Print, please, exactly the lines from the one with "Marks and Spencer" through the final line of the data below, with both ends included and the pictures left out.

*Data extracts*:
^^^^

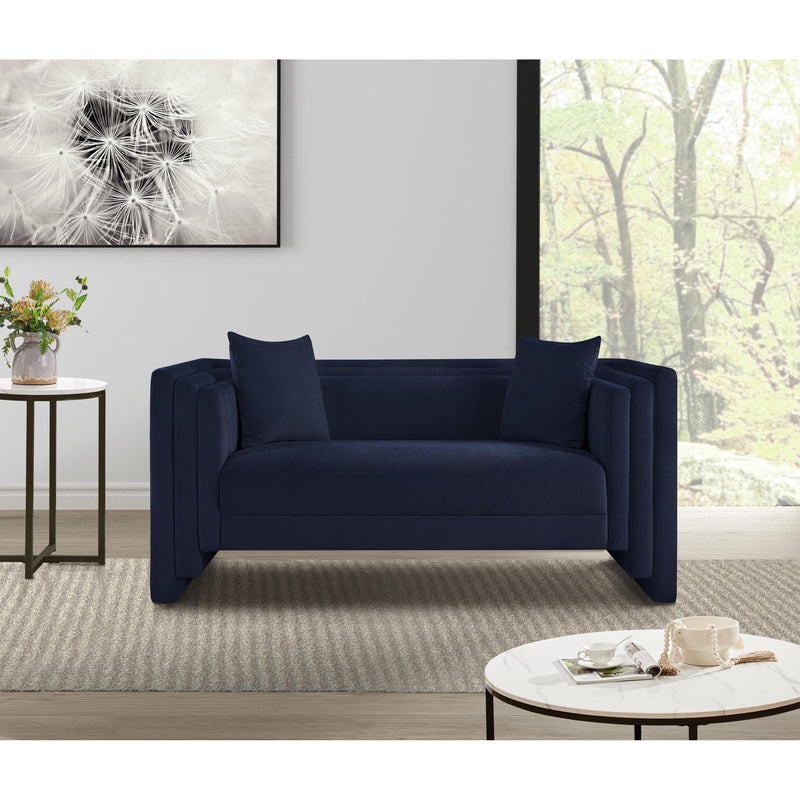 Meridian Everett Navy Chenille Fabric Loveseat IMAGE 2
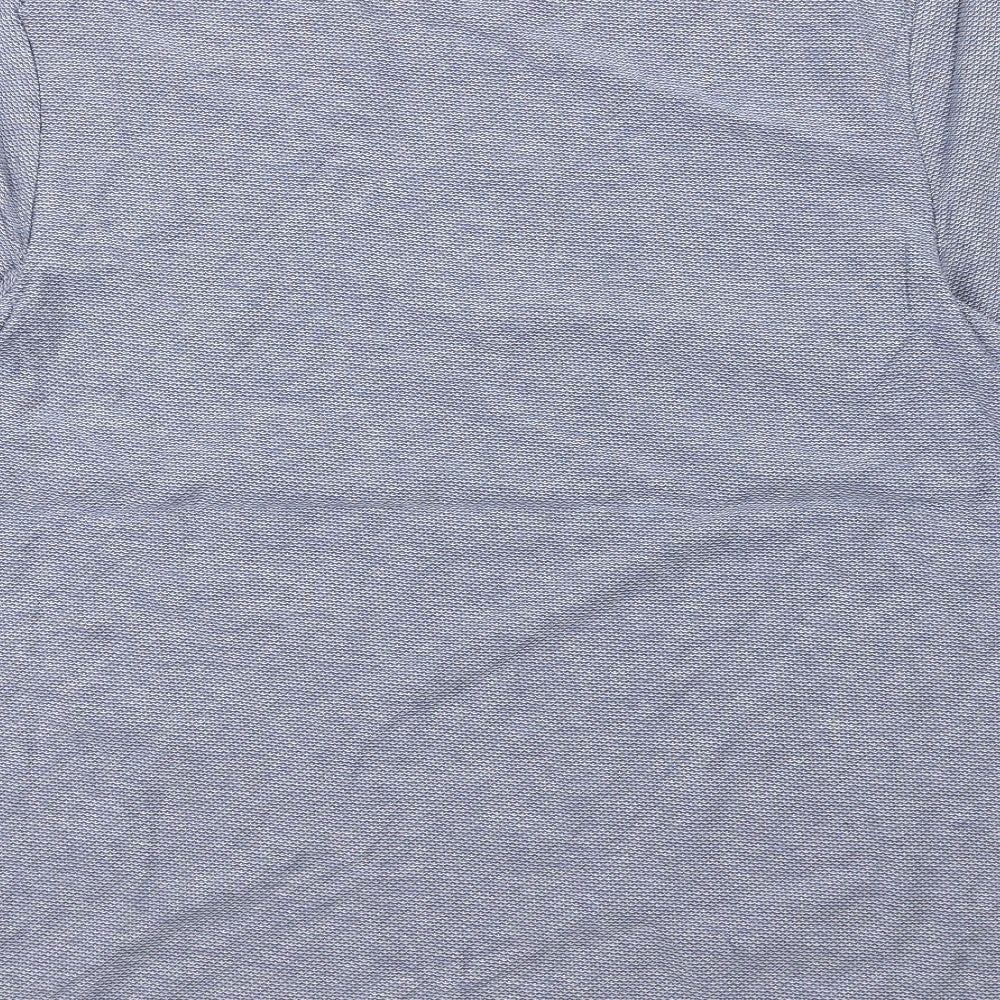 Marks and Spencer Mens Blue Cotton T-Shirt Size L Round Neck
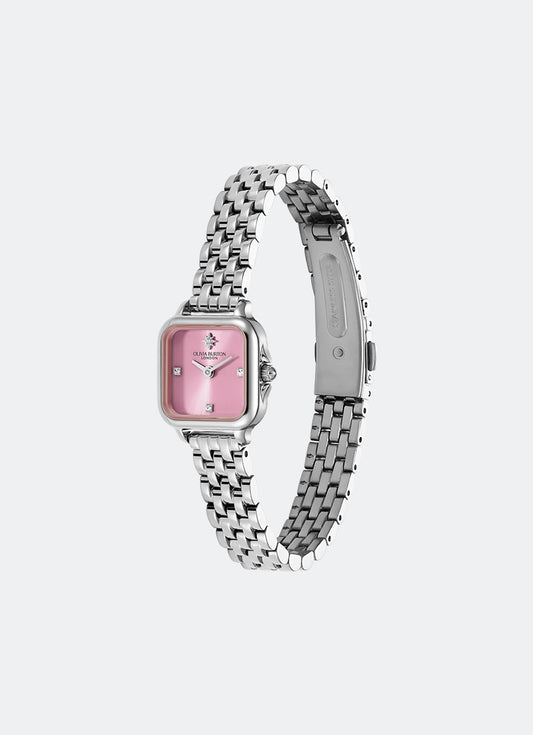 Modern Classic Mini Grosvenor Pink Frost Rosebud Sunray Dial, SS Case, SS Bracelet - 20mm Front 24000363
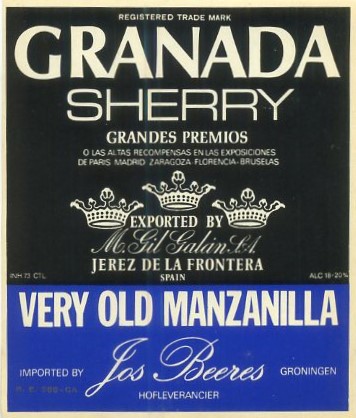 ETIQUETA VINO GRANADA SHERRY.M. GIL GALAN S.A. JEREZ- VERY OLD MANZANILLA
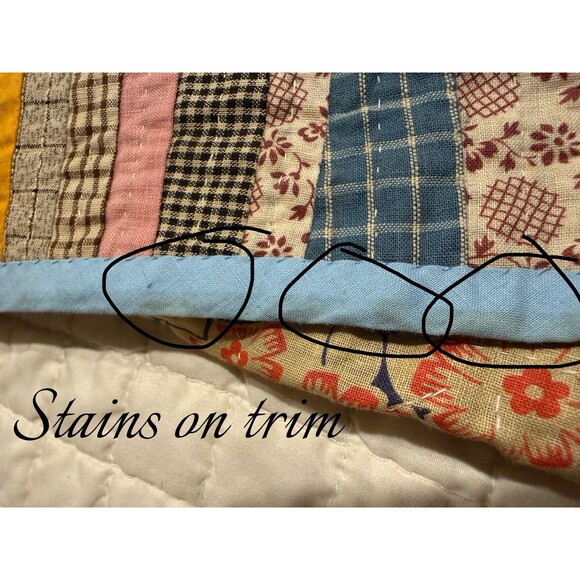 Antique Log Cabin Quilt Reversible Twin/full Blue Trim Floral Back 81” X 64” - Picture 11 of 16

^^^^

*Exercise response*:
 Marks and Spencer Mens Blue Cotton T-Shirt Size L Round Neck
 Modern Classic Mini Grosvenor Pink Frost Rosebud Sunray Dial, SS Case, SS Bracelet - 20mm Front 24000363
 ETIQUETA VINO GRANADA SHERRY.M. GIL GALAN S.A. JEREZ- VERY OLD MANZANILLA
 Antique Log Cabin Quilt Reversible Twin/full Blue Trim Floral Back 81” X 64” - Picture 11 of 16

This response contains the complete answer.